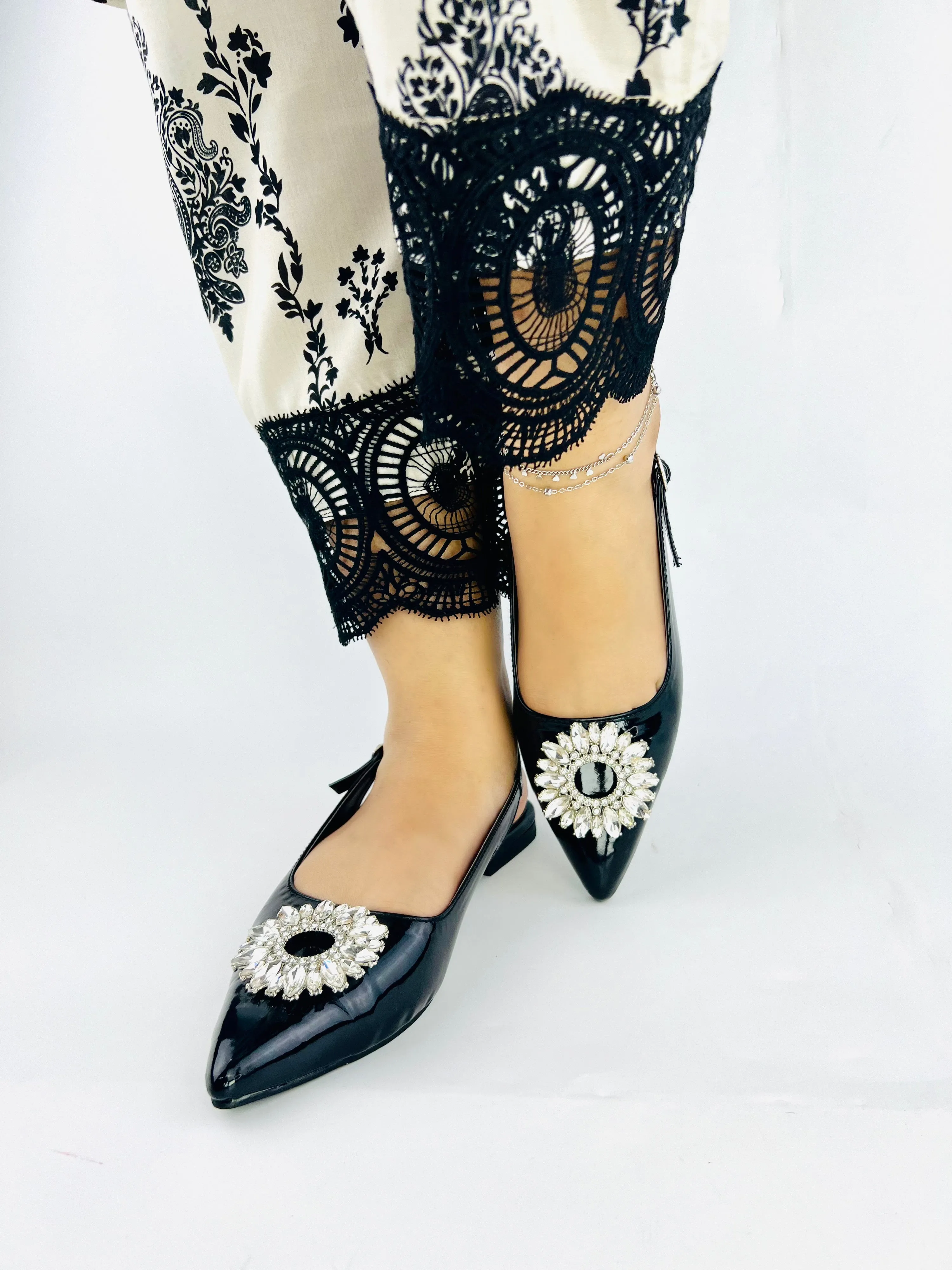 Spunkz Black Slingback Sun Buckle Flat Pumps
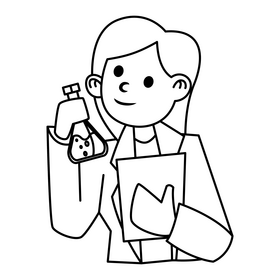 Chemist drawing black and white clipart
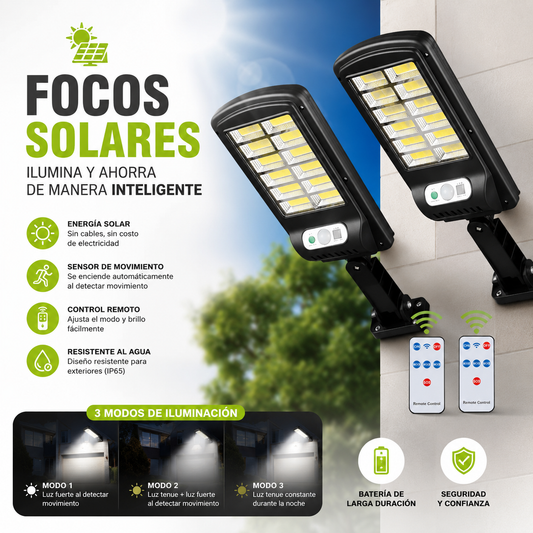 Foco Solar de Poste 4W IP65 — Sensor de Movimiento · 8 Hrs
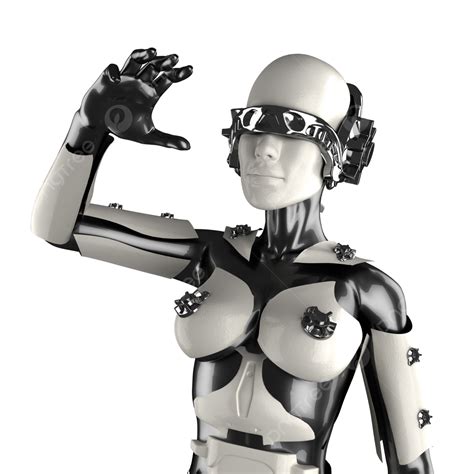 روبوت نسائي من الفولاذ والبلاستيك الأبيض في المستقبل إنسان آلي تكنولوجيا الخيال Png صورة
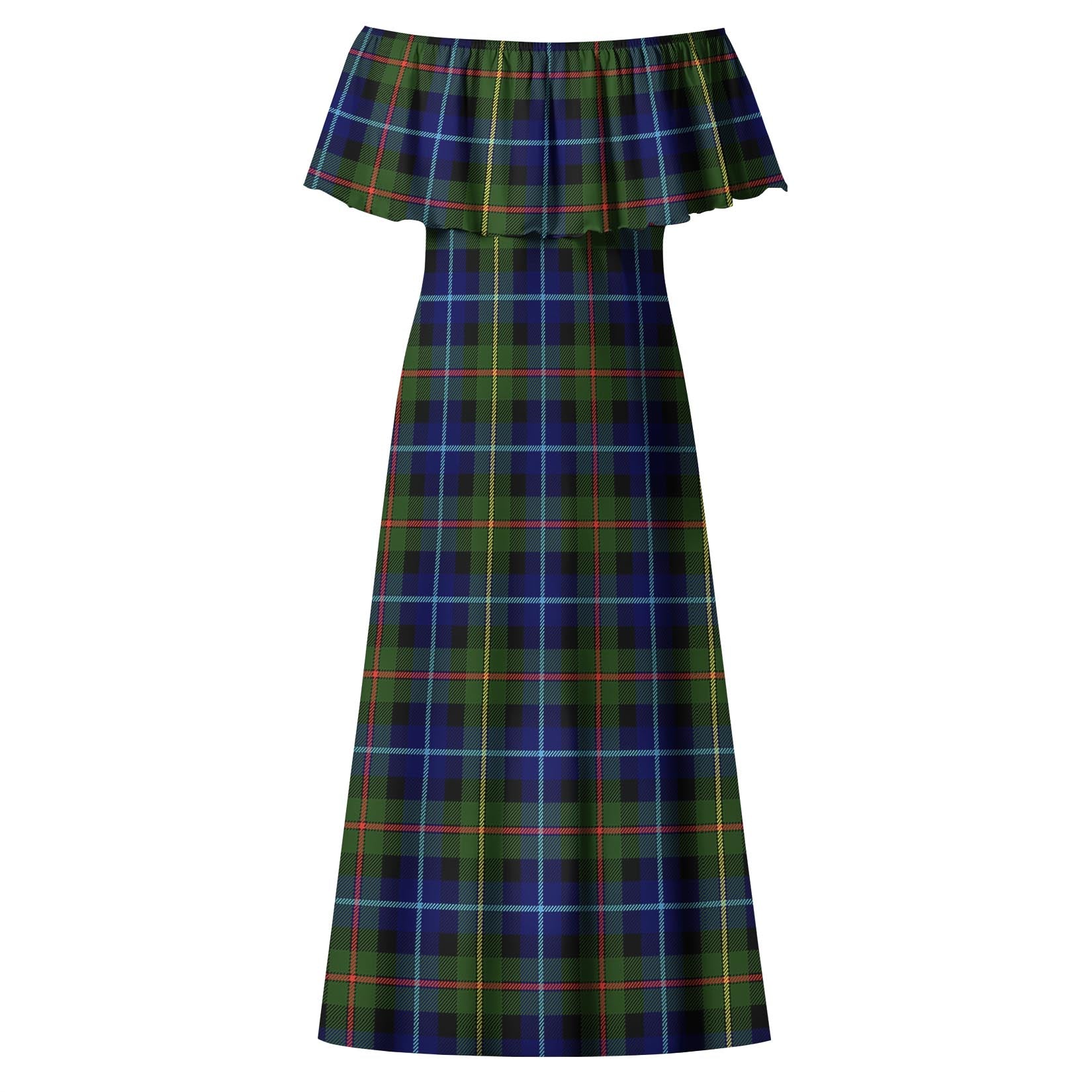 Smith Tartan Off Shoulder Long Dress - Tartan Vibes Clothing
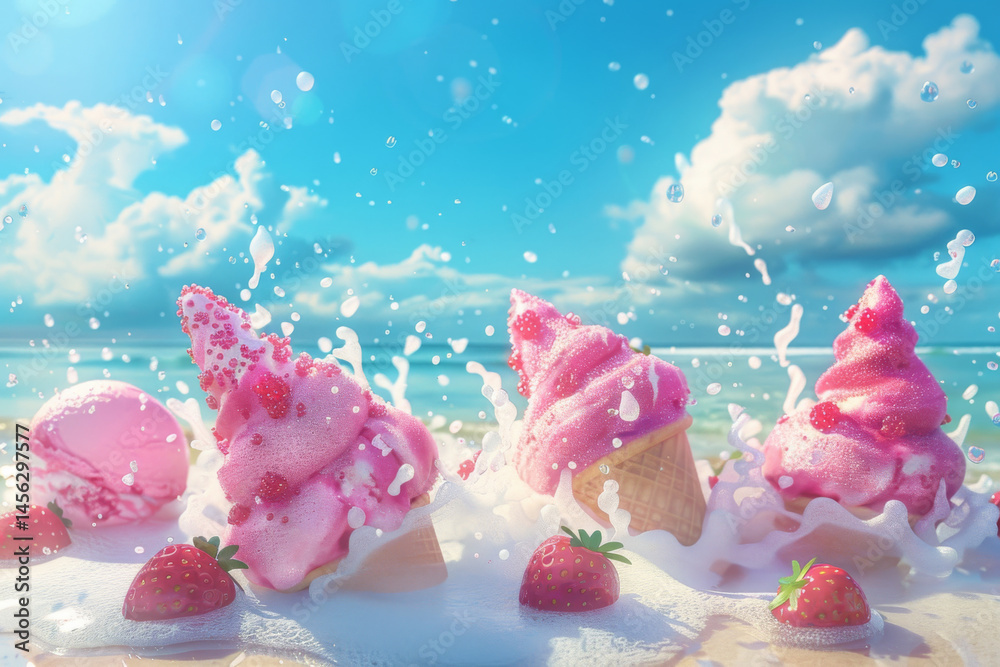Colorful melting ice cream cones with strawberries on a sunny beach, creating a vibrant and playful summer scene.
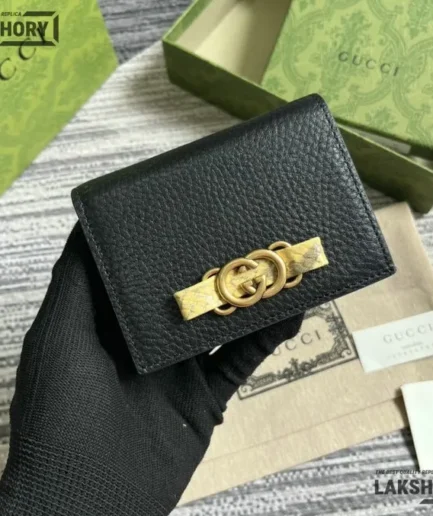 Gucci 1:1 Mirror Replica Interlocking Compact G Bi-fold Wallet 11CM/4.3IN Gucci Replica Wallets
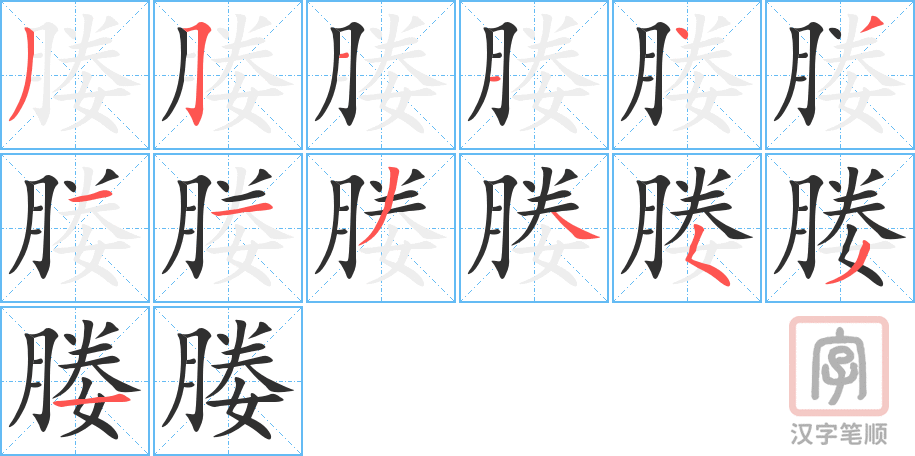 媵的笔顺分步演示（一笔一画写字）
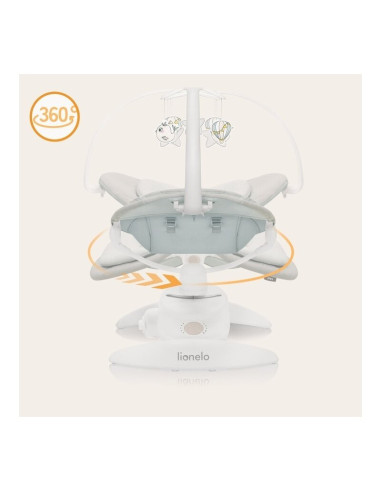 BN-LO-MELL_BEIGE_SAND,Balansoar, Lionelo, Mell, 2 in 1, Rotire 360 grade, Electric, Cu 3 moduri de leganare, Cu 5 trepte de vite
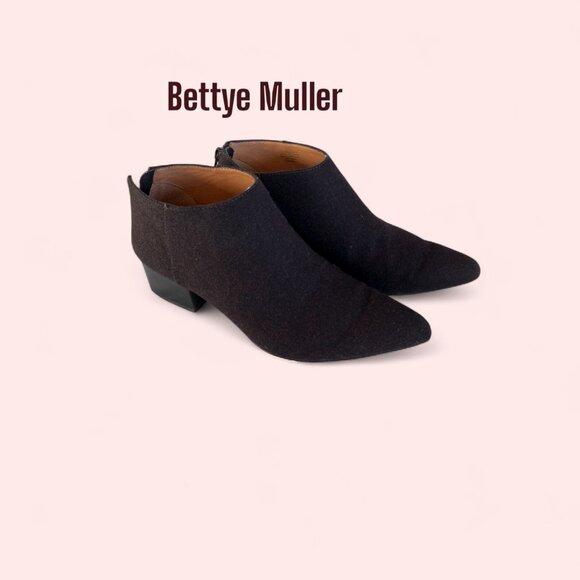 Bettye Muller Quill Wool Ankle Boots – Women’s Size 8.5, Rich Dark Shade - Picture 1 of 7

**Required action:** The reply should hold the lines from the top of the records through the line containing "Colorful melting ice", reproduced exactly, and no pictures.

**Exercise output:**
 Spunkz Black Slingback Sun Buckle Flat Pumps
 Chemist drawing black and white clipart
 Foco Solar de Poste 4W IP65 — Sensor de Movimiento · 8 Hrs
 روبوت نسائي من الفولاذ والبلاستيك الأبيض في المستقبل إنسان آلي تكنولوجيا الخيال Png صورة
 Smith Tartan Off Shoulder Long Dress - Tartan Vibes Clothing
Colorful melting ice cream cones with strawberries on a sunny beach, creating a vibrant and playful summer scene.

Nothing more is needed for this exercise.